Simple as it sounds. And diverse, too. Sports fiction is a story about becoming a champion - it's obvious. But sports fiction can as well be a romance story about two sportspeople falling in love with each other, a piece of crime fiction set in the sports environment or even a thriller, which takes place during the Olympic Games (my current writing in progress, 'The Ice-Cold', is exactly this one). Generally speaking, it is any piece of fiction where sport plays a vital role for either characters, plot or both. And I’m happy to announce that none of my sports fiction stories is a love story where the sport serves to explain the musculature of the main character/love interest – so we don’t need to argue whether this kind of fiction actually meets the criteria.
I started my long-term relationship with sports fiction as a teenager, virtually at the same moment when I fell in love with sports themselves. The thing is – I’ve never been a sporting type. Physical education was my elementary school nightmare and any activities I dreamt of (e.g., ice skating or skateboarding) were classified as “dangerous” by my mother so I soon stopped dreaming and started hating sports. And then, when I was 13 or something, I became addicted to watching sports, to the adrenaline of being a fan supporting their heroes. The feeling seemed so new, so odd, that I decided to do the thing I knew the best – “read about it”.

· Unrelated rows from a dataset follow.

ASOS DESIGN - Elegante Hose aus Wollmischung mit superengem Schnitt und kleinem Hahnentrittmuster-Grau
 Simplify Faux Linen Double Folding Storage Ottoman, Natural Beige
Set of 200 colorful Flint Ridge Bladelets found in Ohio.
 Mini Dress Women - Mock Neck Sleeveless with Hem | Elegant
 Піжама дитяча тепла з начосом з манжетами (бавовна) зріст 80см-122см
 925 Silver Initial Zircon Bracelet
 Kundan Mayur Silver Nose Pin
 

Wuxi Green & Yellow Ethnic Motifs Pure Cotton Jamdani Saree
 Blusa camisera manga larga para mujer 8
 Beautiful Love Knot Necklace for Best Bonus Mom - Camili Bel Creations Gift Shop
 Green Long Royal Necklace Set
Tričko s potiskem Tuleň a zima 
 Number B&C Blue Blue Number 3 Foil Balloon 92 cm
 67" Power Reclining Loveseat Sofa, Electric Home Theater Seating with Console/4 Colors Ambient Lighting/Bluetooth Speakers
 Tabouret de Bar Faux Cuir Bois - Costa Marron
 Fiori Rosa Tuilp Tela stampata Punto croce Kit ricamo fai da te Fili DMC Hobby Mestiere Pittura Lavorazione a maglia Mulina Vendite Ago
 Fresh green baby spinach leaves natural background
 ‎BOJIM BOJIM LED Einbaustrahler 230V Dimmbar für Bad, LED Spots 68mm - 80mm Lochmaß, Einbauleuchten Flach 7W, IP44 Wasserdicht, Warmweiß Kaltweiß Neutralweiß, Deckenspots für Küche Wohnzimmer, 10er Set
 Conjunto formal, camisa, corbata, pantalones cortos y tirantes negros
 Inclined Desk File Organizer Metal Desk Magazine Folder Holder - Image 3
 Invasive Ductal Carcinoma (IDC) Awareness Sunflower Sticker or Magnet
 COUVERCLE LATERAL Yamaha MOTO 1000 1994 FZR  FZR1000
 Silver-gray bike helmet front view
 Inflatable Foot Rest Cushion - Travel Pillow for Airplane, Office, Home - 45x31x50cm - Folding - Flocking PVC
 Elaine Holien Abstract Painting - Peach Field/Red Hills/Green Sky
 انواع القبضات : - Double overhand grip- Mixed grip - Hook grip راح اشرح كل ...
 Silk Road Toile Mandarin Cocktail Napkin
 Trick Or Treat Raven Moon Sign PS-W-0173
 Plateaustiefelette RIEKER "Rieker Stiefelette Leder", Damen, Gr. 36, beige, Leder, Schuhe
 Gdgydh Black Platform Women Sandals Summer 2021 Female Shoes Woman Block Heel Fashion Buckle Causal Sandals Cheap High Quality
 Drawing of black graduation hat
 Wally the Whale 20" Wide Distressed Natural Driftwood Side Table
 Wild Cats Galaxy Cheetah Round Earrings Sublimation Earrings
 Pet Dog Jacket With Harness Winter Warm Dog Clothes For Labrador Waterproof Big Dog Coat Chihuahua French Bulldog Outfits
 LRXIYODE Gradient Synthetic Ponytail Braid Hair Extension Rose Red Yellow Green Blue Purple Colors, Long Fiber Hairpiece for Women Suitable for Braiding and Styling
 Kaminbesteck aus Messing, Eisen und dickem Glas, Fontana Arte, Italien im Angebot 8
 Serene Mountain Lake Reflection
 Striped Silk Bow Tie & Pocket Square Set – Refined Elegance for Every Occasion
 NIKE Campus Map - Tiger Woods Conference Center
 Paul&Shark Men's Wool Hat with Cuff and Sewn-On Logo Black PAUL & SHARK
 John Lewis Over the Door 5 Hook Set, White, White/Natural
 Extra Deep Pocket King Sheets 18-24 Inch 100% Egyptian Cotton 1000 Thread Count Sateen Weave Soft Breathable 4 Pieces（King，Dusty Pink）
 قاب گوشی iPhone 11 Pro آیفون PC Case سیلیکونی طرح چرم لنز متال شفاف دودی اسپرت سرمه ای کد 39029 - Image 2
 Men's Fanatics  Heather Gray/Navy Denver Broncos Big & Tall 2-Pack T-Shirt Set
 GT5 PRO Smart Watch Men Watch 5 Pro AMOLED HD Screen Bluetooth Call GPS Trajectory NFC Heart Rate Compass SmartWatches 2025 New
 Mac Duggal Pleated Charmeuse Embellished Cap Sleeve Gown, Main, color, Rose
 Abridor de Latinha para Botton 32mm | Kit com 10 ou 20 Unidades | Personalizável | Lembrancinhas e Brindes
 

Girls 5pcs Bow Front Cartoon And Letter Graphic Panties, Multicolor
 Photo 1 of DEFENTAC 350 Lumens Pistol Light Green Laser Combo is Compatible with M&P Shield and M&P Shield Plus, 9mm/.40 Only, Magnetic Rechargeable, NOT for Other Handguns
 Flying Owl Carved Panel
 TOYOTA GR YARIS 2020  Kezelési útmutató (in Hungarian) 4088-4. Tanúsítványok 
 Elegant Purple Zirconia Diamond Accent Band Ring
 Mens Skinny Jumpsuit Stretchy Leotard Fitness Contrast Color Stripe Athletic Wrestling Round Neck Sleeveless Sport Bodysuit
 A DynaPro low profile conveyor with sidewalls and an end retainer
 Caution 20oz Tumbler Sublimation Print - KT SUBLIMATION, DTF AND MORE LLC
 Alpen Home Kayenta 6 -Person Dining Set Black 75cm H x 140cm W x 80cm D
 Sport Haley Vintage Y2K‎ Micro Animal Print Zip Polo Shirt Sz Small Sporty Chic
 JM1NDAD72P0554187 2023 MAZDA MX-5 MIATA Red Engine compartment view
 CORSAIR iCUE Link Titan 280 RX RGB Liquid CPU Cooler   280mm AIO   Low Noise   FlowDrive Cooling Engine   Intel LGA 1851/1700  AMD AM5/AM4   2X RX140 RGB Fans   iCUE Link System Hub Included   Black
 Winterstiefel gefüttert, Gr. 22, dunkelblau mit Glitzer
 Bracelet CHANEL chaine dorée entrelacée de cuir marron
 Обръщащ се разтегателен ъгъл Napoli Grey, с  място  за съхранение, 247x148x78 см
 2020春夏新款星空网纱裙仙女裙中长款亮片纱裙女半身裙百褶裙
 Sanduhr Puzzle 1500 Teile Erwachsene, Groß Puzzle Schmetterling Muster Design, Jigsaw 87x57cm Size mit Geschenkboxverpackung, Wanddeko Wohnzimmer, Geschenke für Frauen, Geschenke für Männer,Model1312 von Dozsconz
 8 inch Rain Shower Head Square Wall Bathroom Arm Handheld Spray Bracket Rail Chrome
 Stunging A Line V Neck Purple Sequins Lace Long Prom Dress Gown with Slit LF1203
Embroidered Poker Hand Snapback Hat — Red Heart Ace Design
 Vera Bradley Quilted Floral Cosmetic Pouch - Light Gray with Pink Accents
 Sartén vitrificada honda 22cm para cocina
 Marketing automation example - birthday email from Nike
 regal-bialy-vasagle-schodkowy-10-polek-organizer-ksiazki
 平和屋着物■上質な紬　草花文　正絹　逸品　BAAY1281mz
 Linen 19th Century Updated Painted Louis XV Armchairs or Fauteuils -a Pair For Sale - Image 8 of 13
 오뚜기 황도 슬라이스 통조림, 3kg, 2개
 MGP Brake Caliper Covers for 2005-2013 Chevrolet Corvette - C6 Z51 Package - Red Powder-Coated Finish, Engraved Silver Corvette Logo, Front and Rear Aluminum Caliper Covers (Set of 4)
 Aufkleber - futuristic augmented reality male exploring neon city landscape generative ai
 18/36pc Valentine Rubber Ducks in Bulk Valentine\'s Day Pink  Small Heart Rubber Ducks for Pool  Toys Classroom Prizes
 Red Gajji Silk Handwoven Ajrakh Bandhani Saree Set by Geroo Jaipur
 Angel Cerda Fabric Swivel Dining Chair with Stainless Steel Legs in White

And then I discovered there were virtually no sports fiction books in my first language. And definitely not a single one about the sport I loved the most: speedway (in case you’ve never seen this one: it’s a motorcycle racing around the oval circuit on special motorbikes without gear or brakes). So, I started writing them as me-writer’s gift to me-reader. Surprisingly, it turned out I wasn’t the only one interested in reading about athletes dealing with opponents as well as the everyday life.
So why is it so great to write and read sports fiction?
First of all – sports fiction is as good as any other fiction in terms of showing people’s life. Characters need to have a profession, a passion, a hobby – so why not sports? One can easily use the training process and climbing the ladder of amateur-to-pro to present some universal values and share a message with the world.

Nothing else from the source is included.